━━━ DATASET SECTION
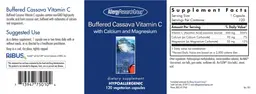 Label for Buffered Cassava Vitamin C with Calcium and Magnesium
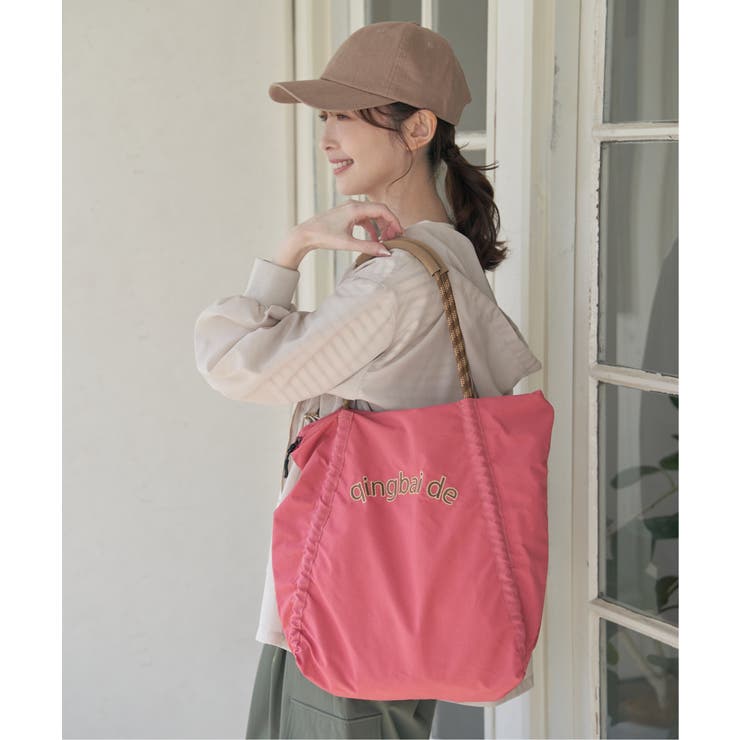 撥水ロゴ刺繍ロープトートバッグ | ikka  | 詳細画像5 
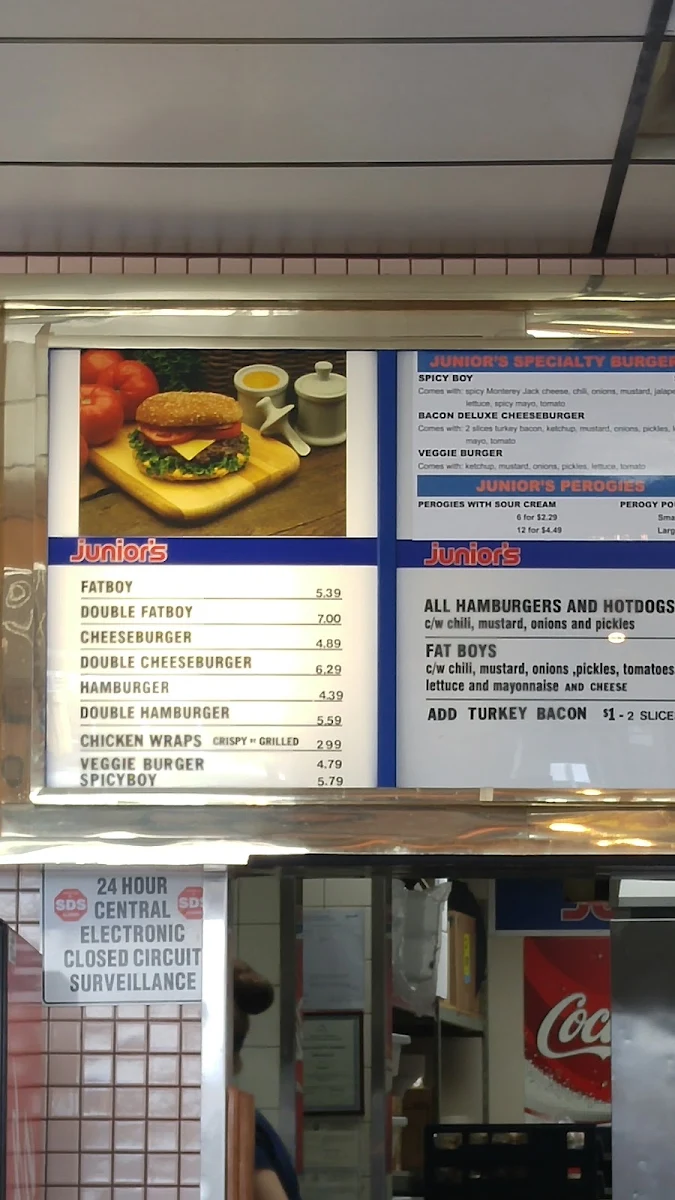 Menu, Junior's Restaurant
━━━━━━
• **ACTION ITEM**:
A faithful copy of the data is required: each word kept, each picture omitted.

• **ANSWER SPACE**:
 Label for Buffered Cassava Vitamin C with Calcium and Magnesium
 撥水ロゴ刺繍ロープトートバッグ | ikka  | 詳細画像5 
 Menu, Junior's Restaurant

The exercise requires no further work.